* [Caption-style text data]
____

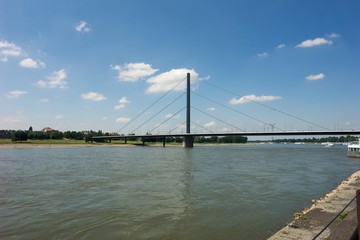 Fototapeta na wymiar Schrägseilbrücke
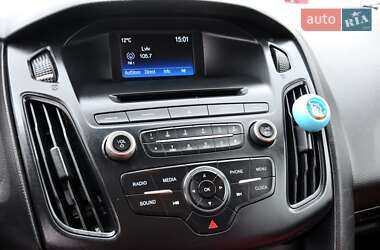 Седан Ford Focus 2014 в 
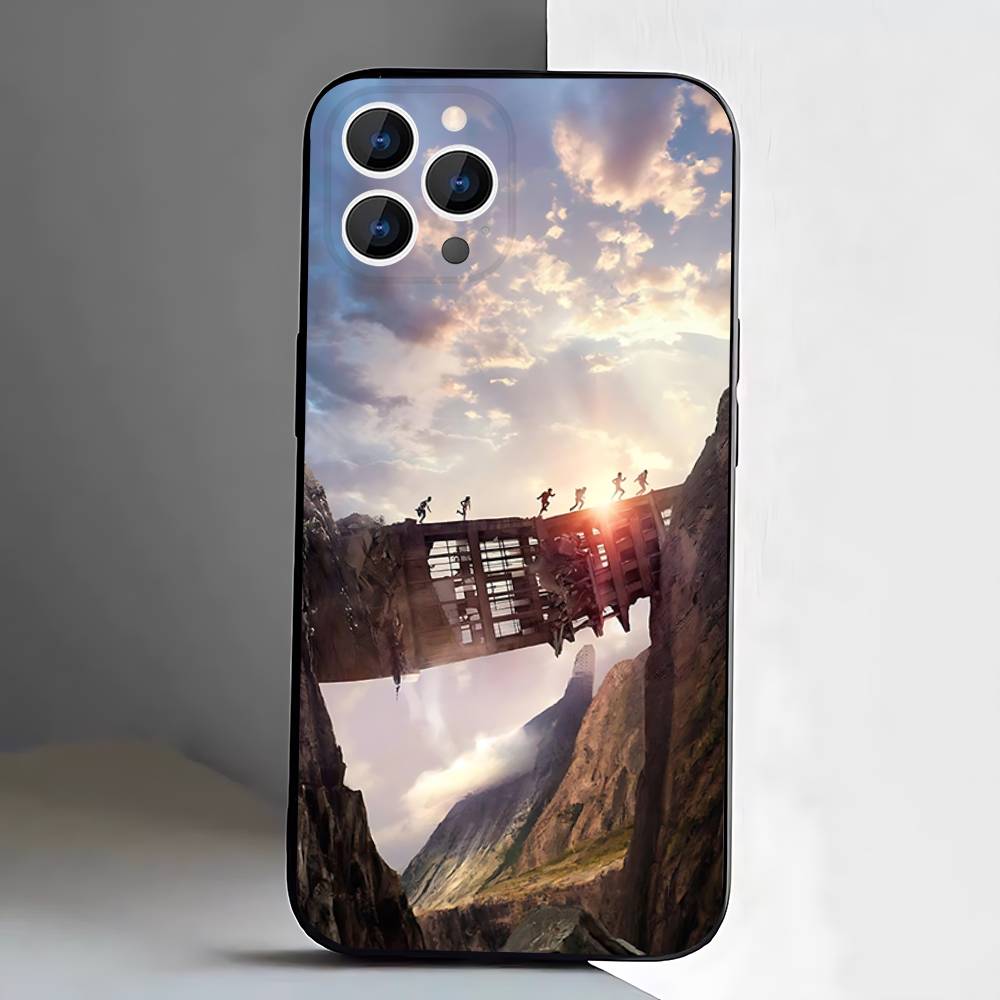 Чехол для телефона M-Maze R-Runner Для iPhone 17,16,15,14,13,12,Pro,Max,Plus,E,SE4,Air,Mini Черный Мягкая Коробка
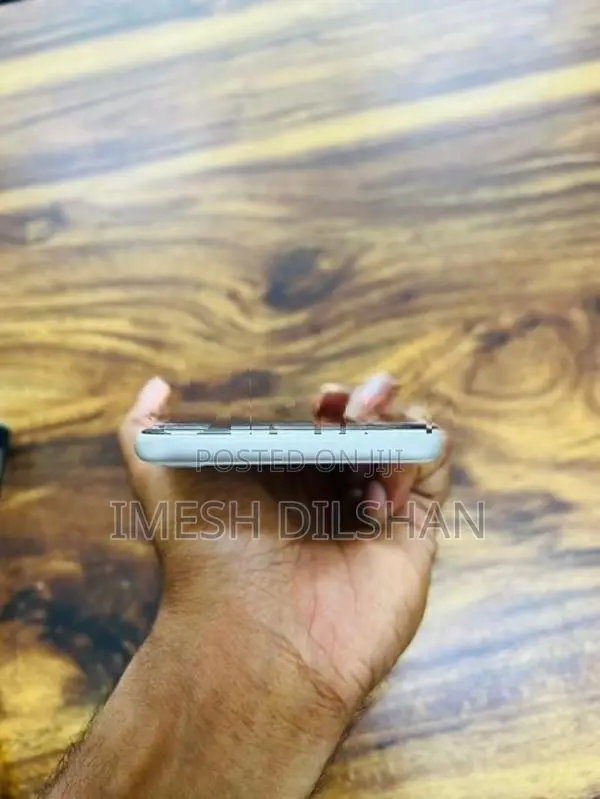 Apple iPhone SE 2 (Used)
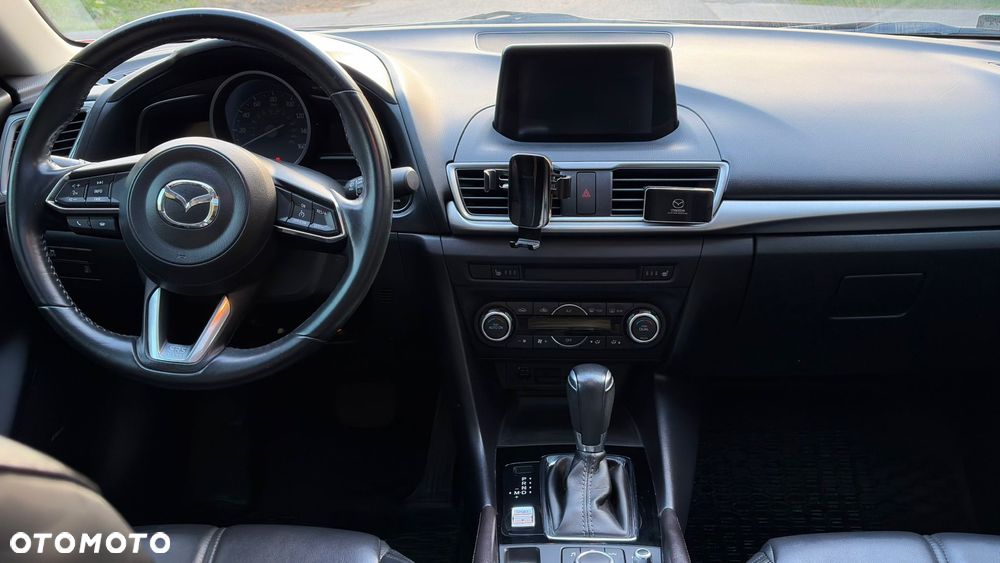 Mazda 3 - 7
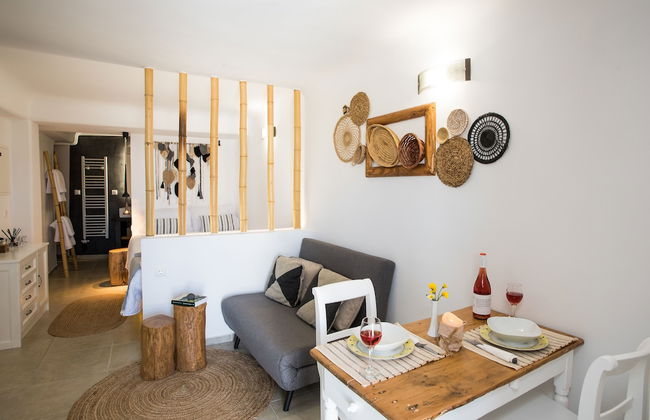 Mykonos Dot Apartments - Photo 59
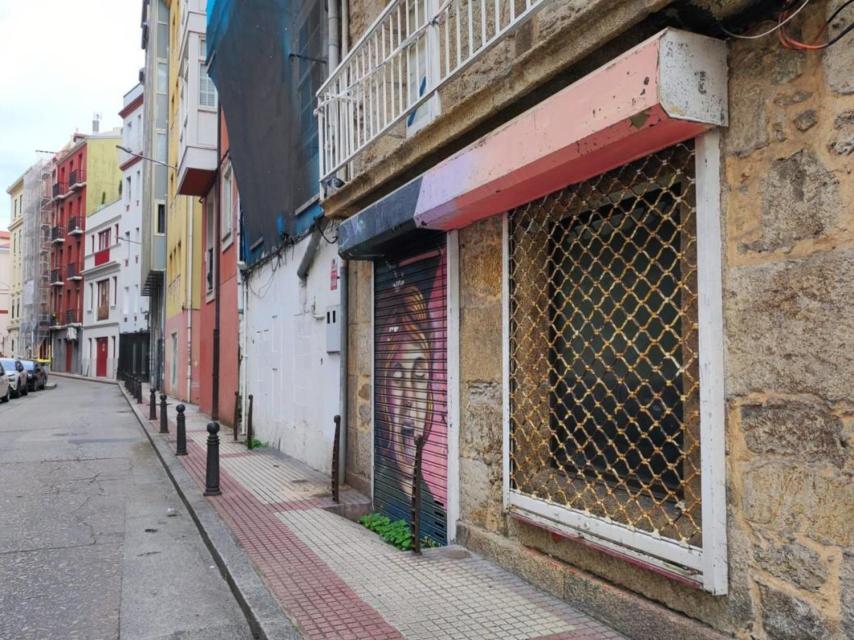 Un bajo comercial vacío en la zona de Pescadería.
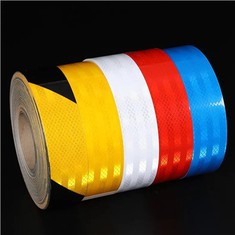 Sticeri gwrth-ddŵr Hi-Vis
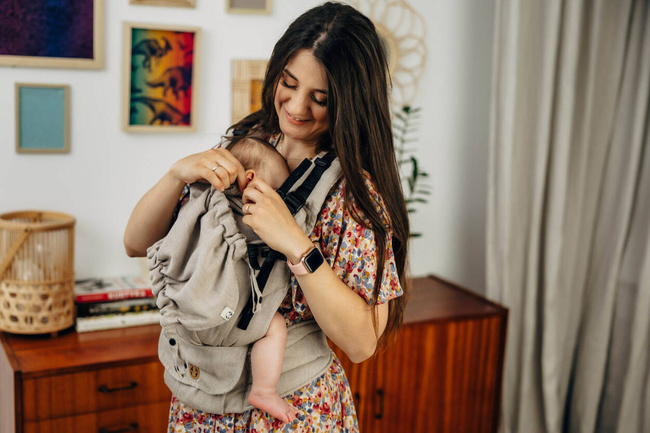 LennyLamb Baby carrier: LennyUpGrade: Peanut Butter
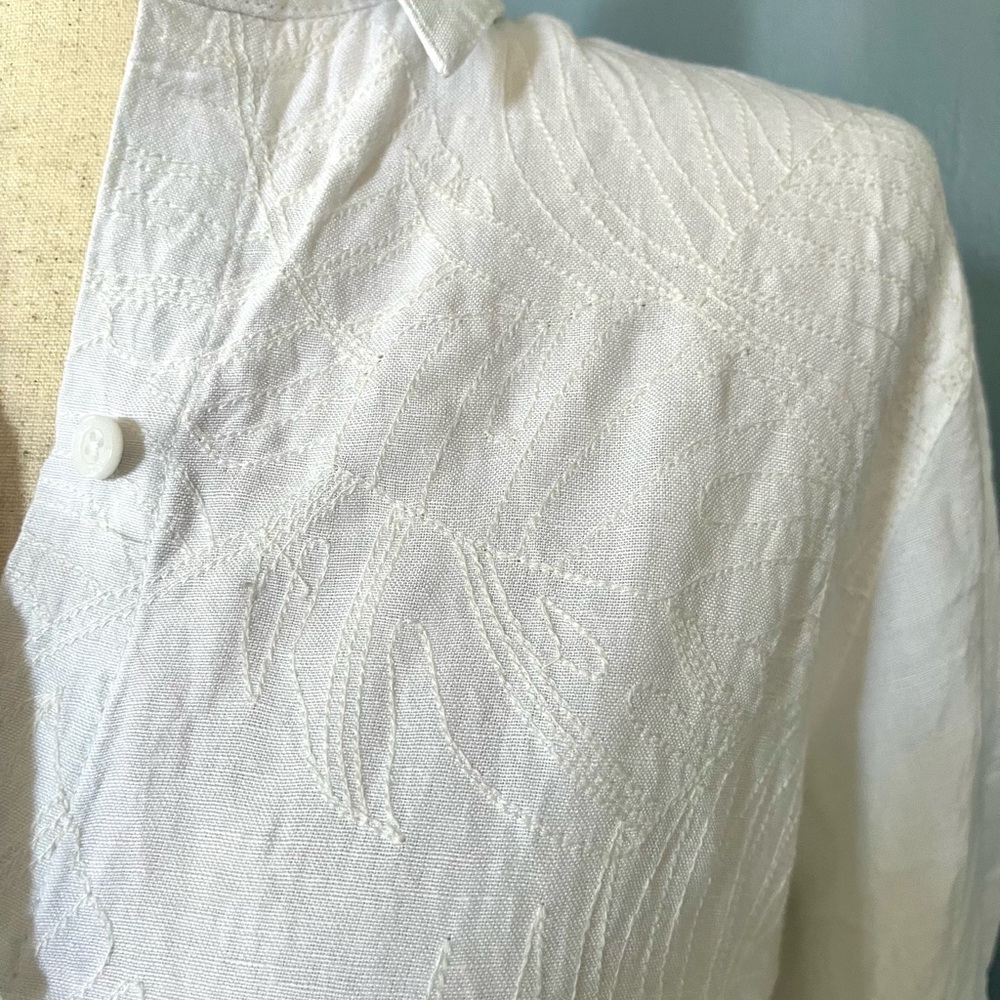 NWT- Tommy Bahama,White Button-Up Shirt, size xs - Picture 4 of 6
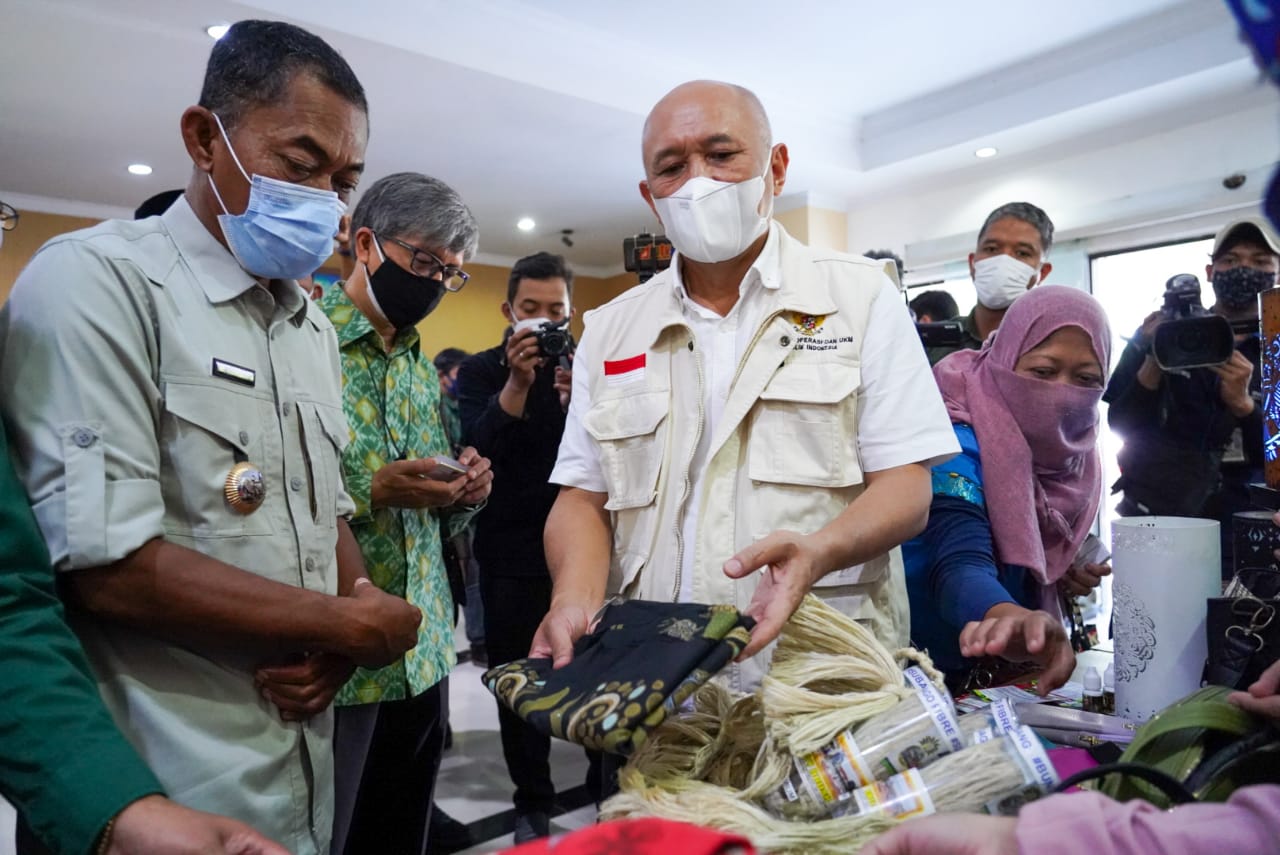 Perkuat Sektor Pangan Lewat Korporatisasi Petani, MenKopUKM Teten Masduki Minta Petani Bergabung ke Koperasi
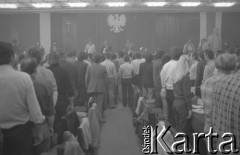 Sierpień 1980, Gdańsk, Polska.
Strajk okupacyjny w Stoczni Gdańskiej im. Lenina. Obrady Międzyzakładowego Komitetu Strajkowego w sali BHP. Przemawia Lech Wałęsa.
Fot. Zbigniew Trybek, zbiory Ośrodka KARTA

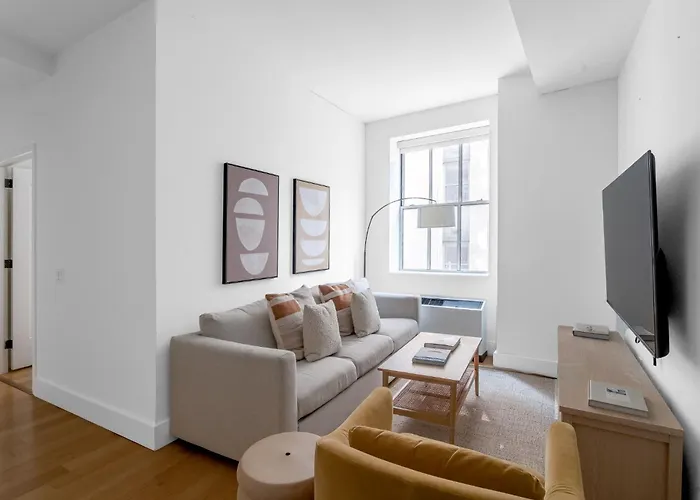 Luxury 2Br 1Bath Financial District Escape Near Wall Street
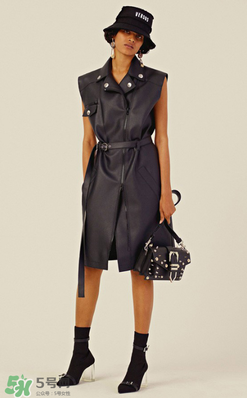 versus versace2018早春度假系列衣服款式有哪些_好看嗎？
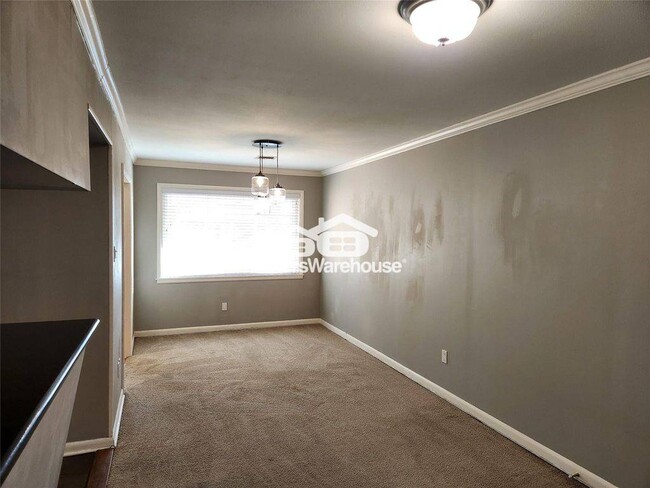 Photo - 6418 Woodbrook Ln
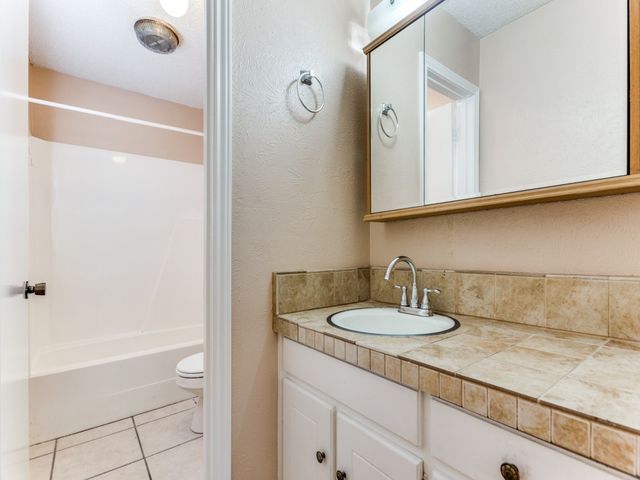 1111 N Nolan River Road B, Cleburne, TX 76033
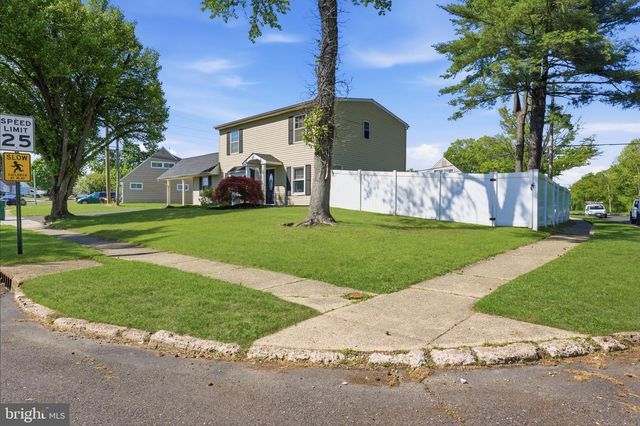 2 PUMPKIN HILL RD, Levittown, PA 19056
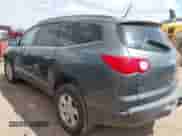 2011 Chevrolet Traverse 1LT z VIN 1GNKVGED1BJ220122, wystawiony jako IAAI lot #42990072 z przebiegiem 222 551 mil mil oraz . Historia ofert i sprzedaży dostępna na DreamBid. Obrazek 3.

____

* [YOUR OBJECTIVE]
Transcribe exactly each line of the records from the start up to and including the one with "Sierpień 1980, Gdańsk, Polska.", and leave out every picture.

* [WRITTEN SOLUTION]
 Fototapeta na wymiar Schrägseilbrücke
 Седан Ford Focus 2014 в 
 Чехол для телефона M-Maze R-Runner Для iPhone 17,16,15,14,13,12,Pro,Max,Plus,E,SE4,Air,Mini Черный Мягкая Коробка
 Apple iPhone SE 2 (Used)
 Mazda 3 - 7
 Mykonos Dot Apartments - Photo 59
 Un bajo comercial vacío en la zona de Pescadería.
 Sticeri gwrth-ddŵr Hi-Vis
 LennyLamb Baby carrier: LennyUpGrade: Peanut Butter
 NWT- Tommy Bahama,White Button-Up Shirt, size xs - Picture 4 of 6
 Perkuat Sektor Pangan Lewat Korporatisasi Petani, MenKopUKM Teten Masduki Minta Petani Bergabung ke Koperasi
 Sierpień 1980, Gdańsk, Polska.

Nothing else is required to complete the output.